[Opening DATA SHOWN section]

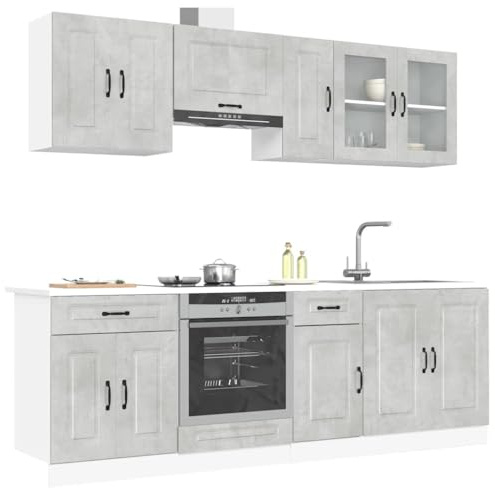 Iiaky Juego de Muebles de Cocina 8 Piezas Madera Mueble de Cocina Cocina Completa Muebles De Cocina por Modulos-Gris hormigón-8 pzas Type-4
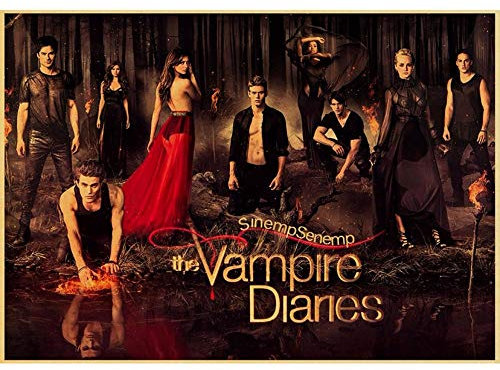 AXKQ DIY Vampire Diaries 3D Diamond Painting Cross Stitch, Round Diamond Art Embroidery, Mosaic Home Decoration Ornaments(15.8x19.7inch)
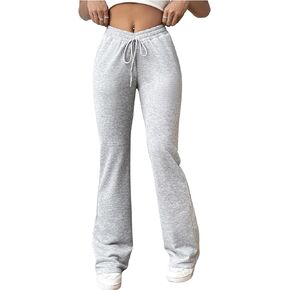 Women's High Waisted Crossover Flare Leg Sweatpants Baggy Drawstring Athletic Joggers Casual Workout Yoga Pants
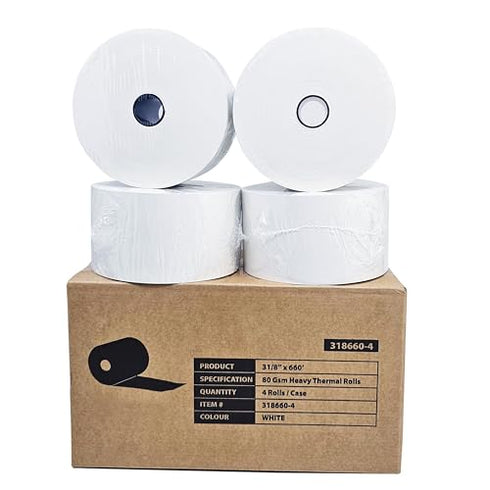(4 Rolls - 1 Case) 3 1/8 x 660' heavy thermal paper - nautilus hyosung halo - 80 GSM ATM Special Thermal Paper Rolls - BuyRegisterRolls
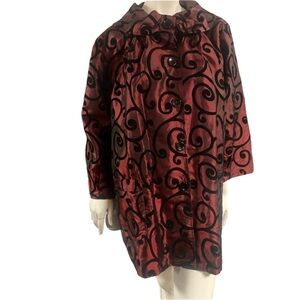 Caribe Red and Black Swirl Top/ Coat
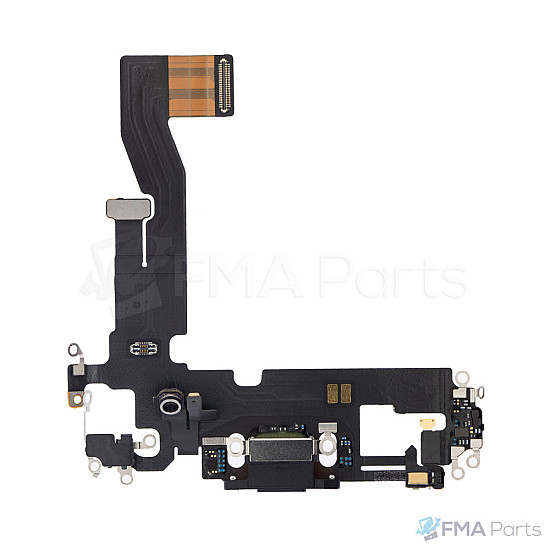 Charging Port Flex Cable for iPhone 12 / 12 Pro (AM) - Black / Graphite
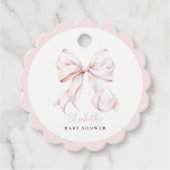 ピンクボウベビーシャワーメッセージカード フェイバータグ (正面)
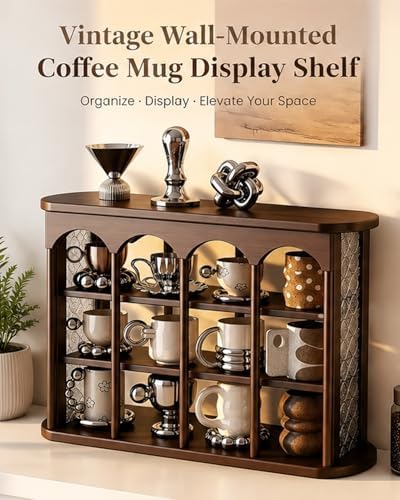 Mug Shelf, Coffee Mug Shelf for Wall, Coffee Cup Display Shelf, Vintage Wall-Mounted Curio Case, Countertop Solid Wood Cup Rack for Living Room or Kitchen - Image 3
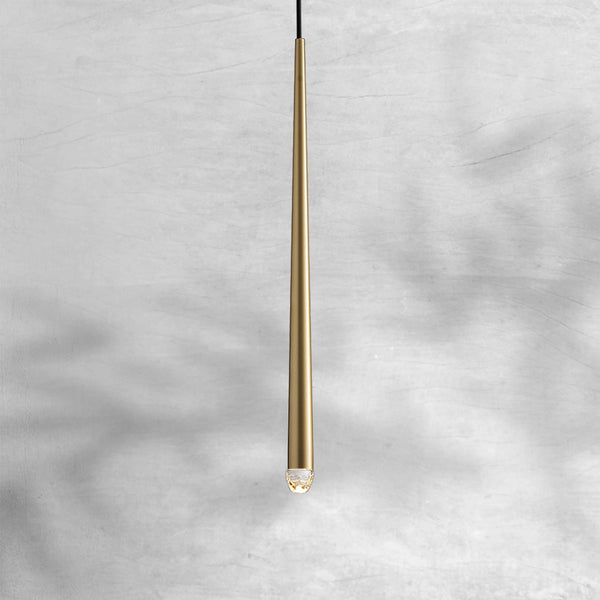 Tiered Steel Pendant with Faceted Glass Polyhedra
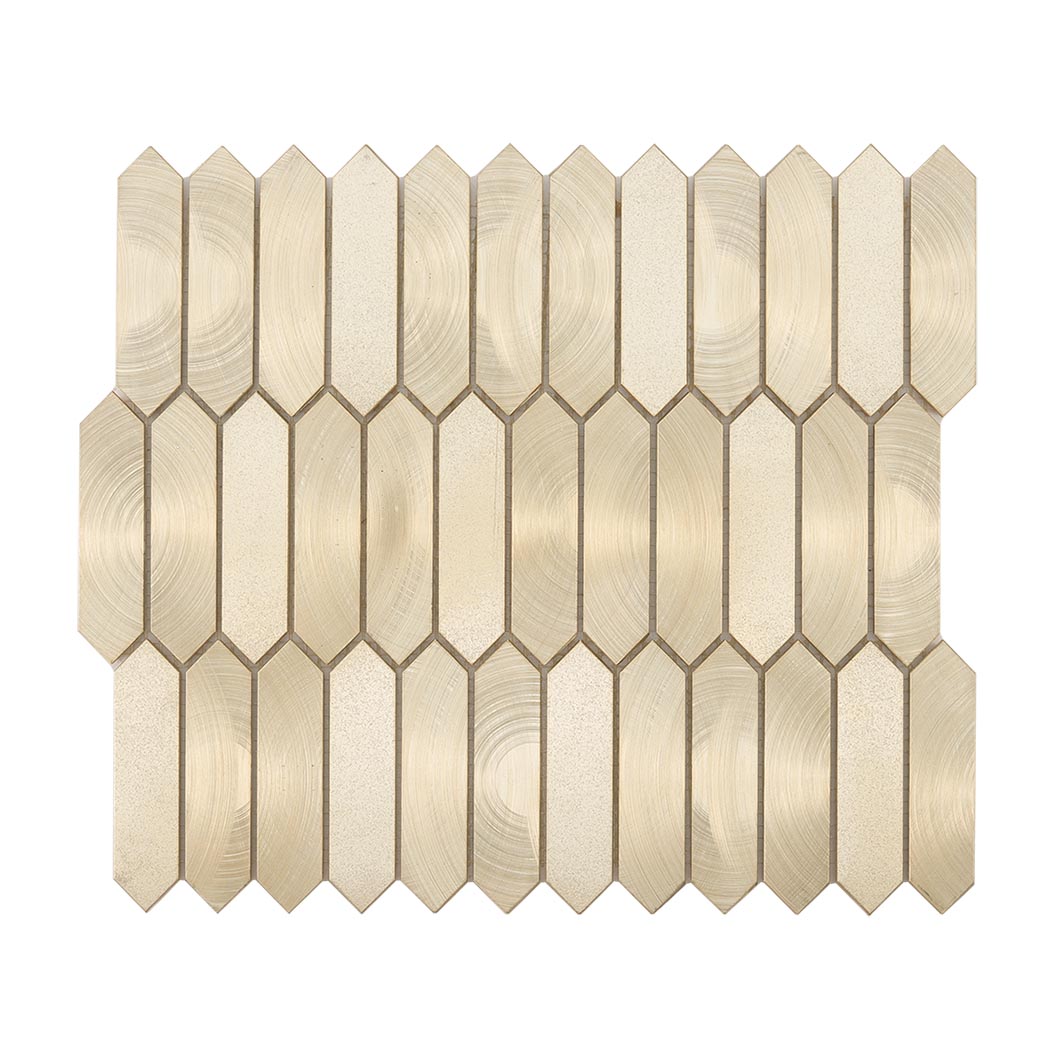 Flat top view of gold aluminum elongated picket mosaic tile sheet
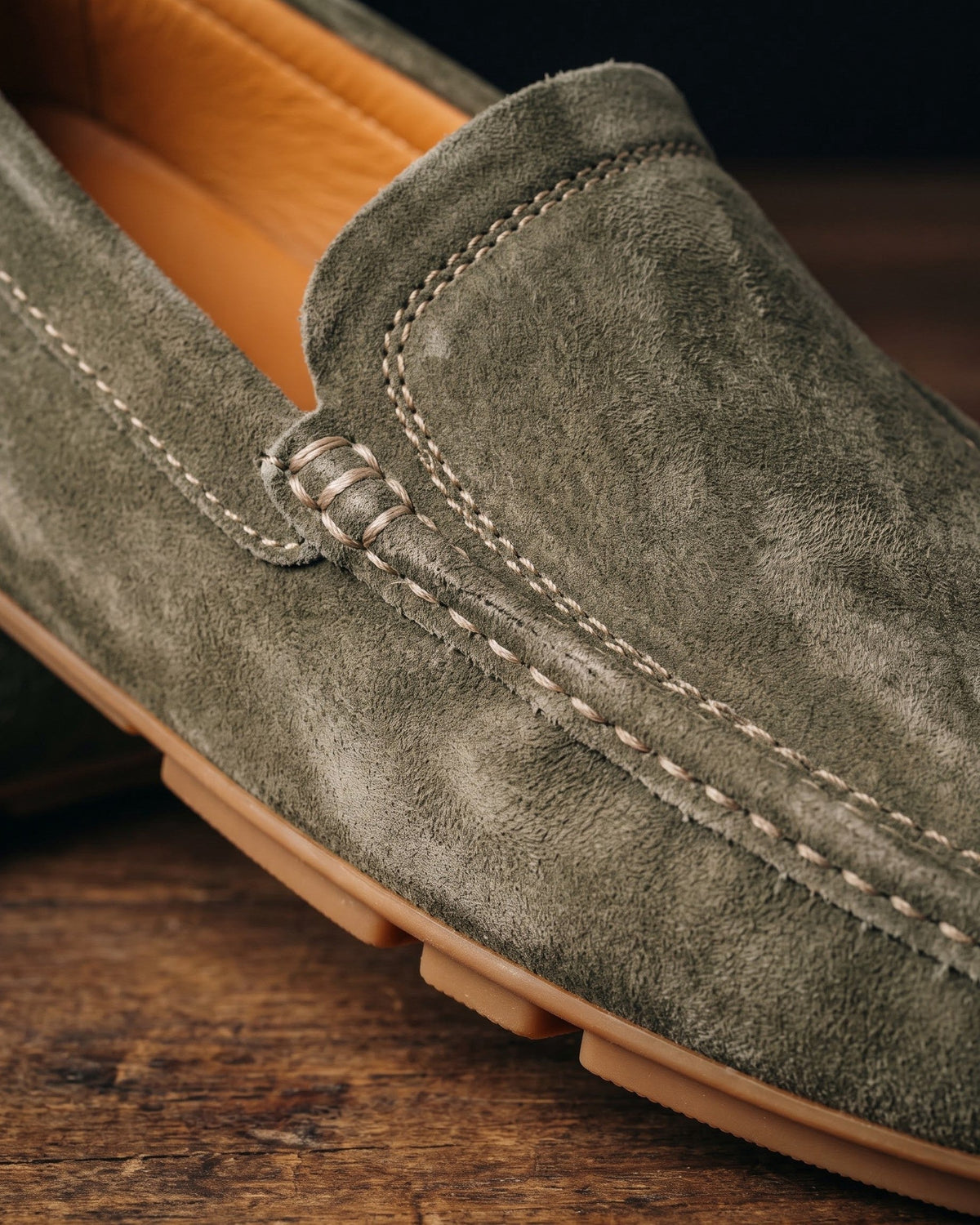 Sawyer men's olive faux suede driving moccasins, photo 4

[Closing DATA SHOWN section]

EXERCISE GOAL:
Whatever pictures the records hold, omit them; give again exactly the lines from the one containing "Women's High Waisted" through the one containing "Flat top view".

ANSWER SPACE:
 Women's High Waisted Crossover Flare Leg Sweatpants Baggy Drawstring Athletic Joggers Casual Workout Yoga Pants
(4 Rolls - 1 Case) 3 1/8 x 660' heavy thermal paper - nautilus hyosung halo - 80 GSM ATM Special Thermal Paper Rolls - BuyRegisterRolls
 Caribe Red and Black Swirl Top/ Coat
 Charging Port Flex Cable for iPhone 12 / 12 Pro (AM) - Black / Graphite
 ピンクボウベビーシャワーメッセージカード フェイバータグ (正面)
 Mug Shelf, Coffee Mug Shelf for Wall, Coffee Cup Display Shelf, Vintage Wall-Mounted Curio Case, Countertop Solid Wood Cup Rack for Living Room or Kitchen - Image 3
 Tiered Steel Pendant with Faceted Glass Polyhedra
 Flat top view of gold aluminum elongated picket mosaic tile sheet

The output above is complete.